Альбакор бешено метался по лагуне, надеясь спастись в открытом море. Потом, остановленный веслом, игравшим роль поплавка, подергивался туда-сюда в нерешимости и столь же неистово бросался вверх по лагуне. То искал он глубины, погружая весло на несколько саженей в воду, то взметывался на воздух, как серебряный серп, шлепаясь обратно с плеском, далеко и звонко прокатывавшимся по побережью. Прошел целый час прежде, чем большая рыба начала обнаруживать признаки усталости.

До сих пор борьба происходила вблизи от берега, но теперь весло выплыло на середину водного пространства и принялось описывать большие круги. Грустно было думать о большой рыбе, так стойко защищавшей свою жизнь, а теперь бессмысленно кружившей там, на глубине, в слабости и ошеломлении.

Гребя вторым веслом, Дик подплыл к месту борьбы, выловил весло и принялся постепенно вытаскивать удочку из воды.

Шум борьбы разнесся по лагуне на несколько миль. Его прослышал и сам хозяин ее. Воду взрябил темный плавник, и когда Дик ближе подтянул свою добычу, водная глубь затмилась чудовищной серой тенью, и сверкающая стрела альбакора исчезла, словно поглощенная тучей. Удочка пошла легче, и Дик поднял на борт голову альбакора, отделенную от туловища как бы огромными ножницами. Серая тень скользнула под бортом, и Дик, обезумев от злобы, с криком погрозил ей кулаком: затем, выдернув крючок из головы, швырнул ею в чудовище.

Взмахнув хвостом, так, что лодка закачалась, большая акула перевернулась на спину и проглотила голову; затем медленно погрузилась и исчезла, словно растаяв в воде. Первая из их встреч завершилась для нее победой.

Глава VI. Паруса на море

Дик взялся за весла. Ему предстояло еще сделать три мили, и начинался прилив, что немало затрудняло путь. Гребя, он ворчал про себя, что нередко стало случаться с ним за последнее время, и главной тому причиной была Эммелина.

Что-то изменилось в ней за последние месяцы. Ему казалось, что вместо Эммелины на острове появилось новое существо. Он не знал, что именно с ней произошло: он знал только, что она сделалась иной.

Еще полгода назад он был совсем доволен своей судьбой: спал и ел, добывал пищу и перестраивал дом, обрыскивал леса и риф. Теперь же им овладел какой-то дух беспокойства. Был ли то дух цивилизации, шептавший ему об улицах и домах, о борьбе за золото и власть? Или просто-напросто человек в нем взывал к любви, не подозревая, что любовь у него под рутой? – как знать?

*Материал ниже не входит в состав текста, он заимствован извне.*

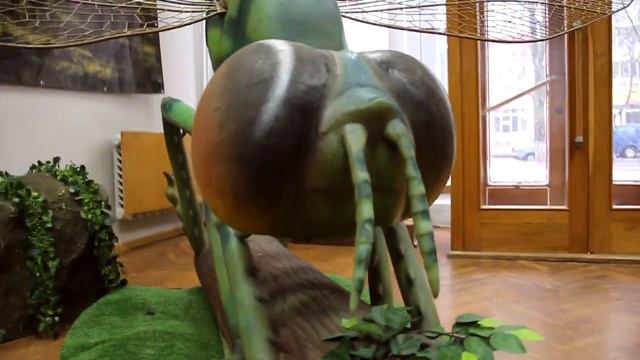 Интерактивная выставка -аттракцион "Насекомые - монстры" смотреть онлайн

Шлюпка скользила вдоль тенистых берегов, потом обогнула мыс и очутилась напротив проливчика на рифе. Но Дик смотрел не туда, – он вперил взгляд на крошечное темное пятнышко на рифе, заметное только для тех глаз, которые искали его. Каждый раз, достигнув этого места, он останавливался и смотрел туда, где гремели валы и кричали чайки.

Несколько лет тому назад это место внушало ему не меньше ужаса, чем любопытства; время притупило чувство ужаса, но любопытство сохранилось, – то любопытство, с которым ребёнок смотрит на убийство животного, хотя бы душа его и возмущалась им. Постояв немного, он снова принялся грести, и шлюпка причалила к берегу.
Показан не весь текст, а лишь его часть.